4.2. By Inktomi. Inktomi represents and warrants that it has full
power and authority to enter into this Agreement.
5. Payments.
3
4
(*) INFORMATION HAS BEEN OMITTED PURSUANT TO A REQUEST FOR CONFIDENTIAL
TREATMENT AND HAS BEEN FILED SEPARATELY WITH THE SECURITIES AND EXCHANGE
COMMISSION.
EXHIBIT 10.17
5.1. Media Search Services Fee. N2H2 shall provide the N2H2
Pornographic Tags for use in Inktomi's Media Search Service and for * for a fee
of *, that shall be paid as follows: (i) *; and (ii) *. In addition, within
thirty (30) days of the Effective Date, Inktomi shall pay N2H2 *.
5.2. Additional Consideration. When made commercially available
by Inktomi, Inktomi will provide N2H2 a version of the Media Search Services
using the N2H2 Pornographic Tags subject to Inktomi's standard terms and
conditions. *.
6. Confidentiality.
6.1. Definition of Confidential Information. The terms and
conditions of this Agreement and all information and documents disclosed or
produced by either party in the course of this Agreement which are disclosed in
written form and identified by a marking thereon as proprietary, or oral
information which is defined at the time of disclosure and confirmed in writing
within ten (10) business days of its disclosure, shall be deemed the
"Confidential Information" of the disclosing party. Notwithstanding the above,
the parties agree that any information (in any form, whether in tangible or
intangible) relating to Media Search Services or Filtered Search Services is
considered Confidential Information of Inktomi and any information relating to
the N2H2 Database of N2H2 Porn Tags is considered Confidential Information of
N2H2.
6.2. Treatment of Confidential Information. Each party agrees to
protect the other party's Confidential Information in the same manner as such
party protects its own Confidential Information of substantially similar
proprietary value, but in no case less than reasonable care. Each party agrees
that it will use the Confidential Information of the other party only for the
purposes of this Agreement and that it will not divulge, transfer, sell,
license, lease, or otherwise disclose or release any such information or
documents to third parties, with the exception of: (i) its employees or
subcontractors who require access to such for purposes of carrying out such
party's obligation hereunder; and (ii) persons who are employed as auditors by a
public accounting firm or by a federal or state agency. Each party will use
reasonable efforts to advise any person obtaining Confidential Information that
such information is proprietary. Before disclosing Confidential Information to a
non-party, including, without limitation, subcontracts, each party will obtain a
written agreement obligating such person to maintain the confidentiality of any
Confidential Information belonging to the party or its suppliers.
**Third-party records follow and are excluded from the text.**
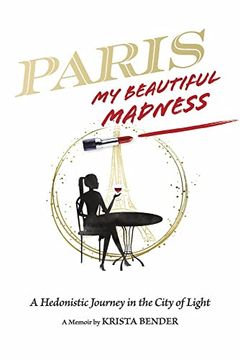 portada Paris, my Beautiful Madness: A Hedonistic Journey in the City of Light 
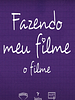Pôster de Fazendo Meu Filme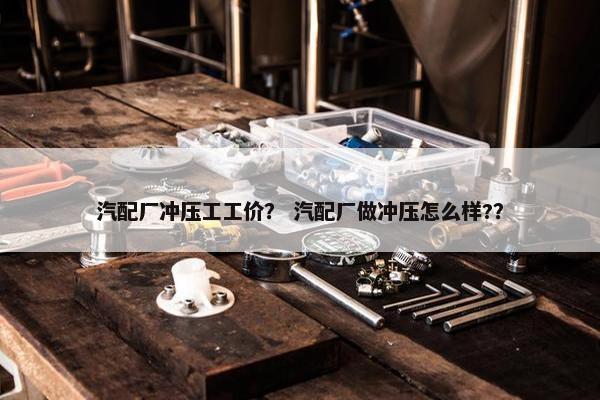 汽配厂冲压工工价？ 汽配厂做冲压怎么样?？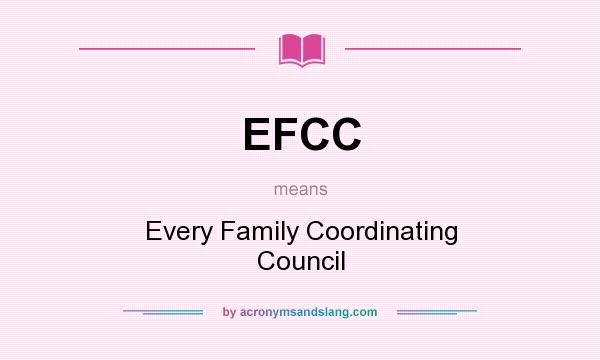 What does EFCC mean? It stands for Every Family Coordinating Council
Each party
agrees that this Agreement as redacted to delete confidential information will
be included as an exhibit in the Form S-1 filed by N2H2 with the Securities and
Exchange Commission.
6.3. No Other Confidential Information. Neither party shall have
any obligation under this Article 6 for information of the other party which the
receiving party can substantiate with documentary evidence that has been or is:
(i) developed by the receiving party independently and without the benefit of
information disclosed hereunder by the disclosing party; (ii) lawfully obtained
by the receiving party from a third party without restriction and without breach
of this Agreement; (iii) publicly available without breach of this Agreement;
(iv) disclosed without restriction by the disclosing party to a third party; or
(v) known to the receiving party prior to its receipt from the disclosing party.
4
5
EXHIBIT 10.17
6.4. Independent Development. Each party, as a discloser of
Confidential Information, understands that the other party, as recipient, may
currently or in the future be developing information internally, or receiving
information from other parties that may be similar to the disclosing party's
information. Accordingly, nothing in this Agreement will be construed as a
representation or inference that a party as a receiving party will not develop
products or services, or have products or services developed or provided for it
that, without violation of this Agreement, compete with the products or services
contemplated by a disclosing party's Confidential Information.
7. Indemnification.
7.1. By X0X0. X0X0 shall, at its expense and Inktomi's request,
defend any third party claim or action brought against Inktomi, and Inktomi's
subsidiaries, affiliates, directors, officers, employees, agents and independent
contractors ("Inktomi Parties"), which, if true, would constitute a breach of
any warranty, representation or covenant made by N2H2 under this Agreement and
N2H2 shall hold the Inktomi Parties and/or Inktomi Customers ("Indemnified
Party") (as the case may be) harmless from and against any costs, damages and
fees reasonably incurred by an Indemnified Party, including but not limited to
fees of attorneys and other professionals, that are attributable to such claim.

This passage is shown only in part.